The intelligent clinician’s guide to the DSM-5
Joel Paris, hoogleraar Psychiatrie aan de McGill Universiteit in Canada en hoofdredacteur van het Canadian Journal of Psychiatry, heeft een behartenswaardig boek geschreven. In de soms heftige dsm-5-controverse levert hij een handleiding voor degenen die er straks mee moeten gaan werken.
Zijn belangrijkste boodschap is dat de Diagnostic and Statistical Manual of Mental Disorders (dsm-5) zaken pretendeert die deze niet waar kan maken. Het grootste probleem is het gebrek aan validiteit van de diagnostische categorieën. Daarmee lopen we dus het ‘risico’ dat we over een tijdje het hele systeem op zijn kop moeten zetten op basis van nieuw onderzoek dat ons wel iets leert over het wezen van psychiatrische aandoeningen. Het gegeven dat we nog maar weinig harde biologische gegevens hebben om onze syndromale classificaties te onderbouwen zou de psychiatrie als vak, en ook de dsm-5-werkgroepen, bescheidener moeten maken.
Een tweede probleem van de dsm (en iets waar ook de International Classification of Diseases (icd) mee worstelt) is dat het enorm moeilijk blijft om aan te geven wanneer iemands klachten als stoornis of ziekte moeten worden geduid, en wanneer als met het leven samenhangende narigheid. Ofwel het risico van ‘life is a disease and psychiatry is the cure’. Paris pleit voor een minder inclusieve diagnostiek waarbij we alleen bij die patiënten een diagnose stellen van wie evident is dat ze een stoornis hebben en geen levensprobleem. Een meer dimensionele benadering van symptoomclusters lost dit probleem overigens niet op.

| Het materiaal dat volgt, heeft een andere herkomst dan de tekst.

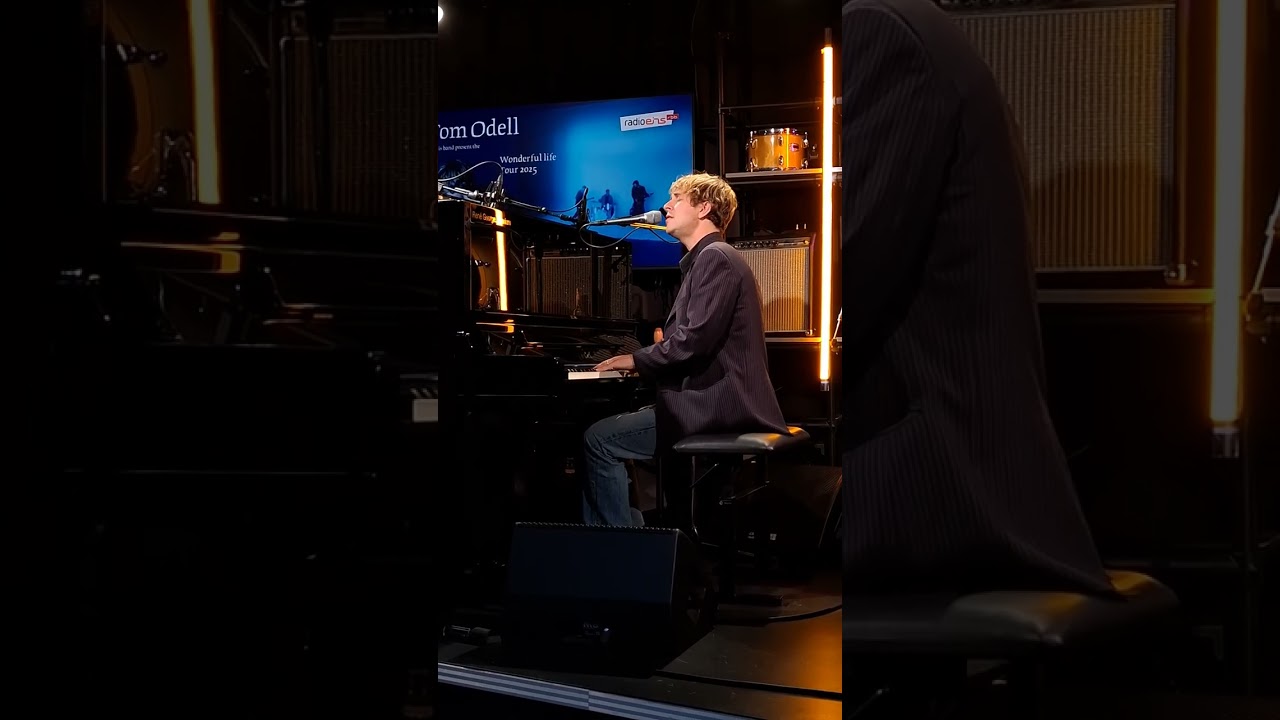 Tom Odell - Black Friday - in the studio of radioeins in BikiniHaus at the Zoo Berlin 17.72025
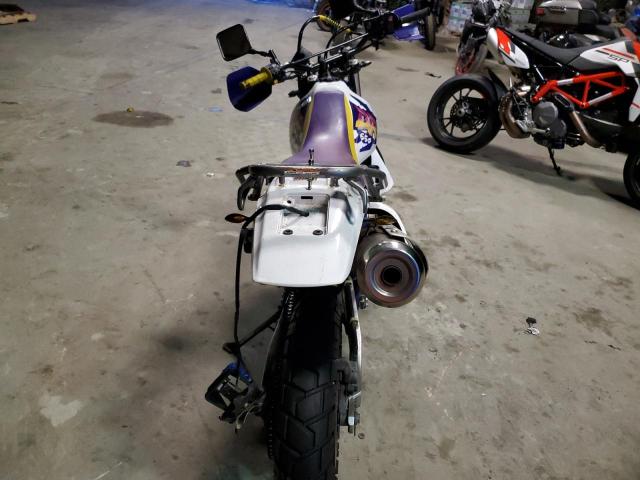 JS1SP46A3V2101244 - 1997 SUZUKI DR650 SE PURPLE photo 6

Het eerste deel van het boek behandelt de historie van de dsm en de genoemde thema’s. Daarna komen de verschillende stoornissen aan bod, de veranderingen die daarin hebben plaatsgevonden en de kanttekeningen hierbij. In het laatste hoofdstuk, a guide for the perplexed, schetst hij hoe we de komende jaren het best kunnen omgaan met de dsm. Gebruiken? Zeker, maar met het besef van het gegeven dat de huidige categorieën slechts een punt in de tijd markeren en geen absolute waarheden.
Al met al vind ik dat Paris erin is geslaagd om de vele, soms tegenstrijdige, aspecten van ons dominante classificatiesysteem te belichten, waarbij hij relevante punten van kritiek levert zonder in een soort pamflettisme terecht te komen. In zijn boek schetst hij de schade die kan ontstaan door onoordeelkundig gebruik van de met veel bravoure gelanceerde dsm-5 en hij beoogt deze te beperken door de clinicus te helpen er verstandig gebruik van te maken. Hij biedt daarvoor zinvolle aanbevelingen; ik denk dan ook dat het zinvol is om daar kennis van te nemen in dit toegankelijk geschreven en handzame boek.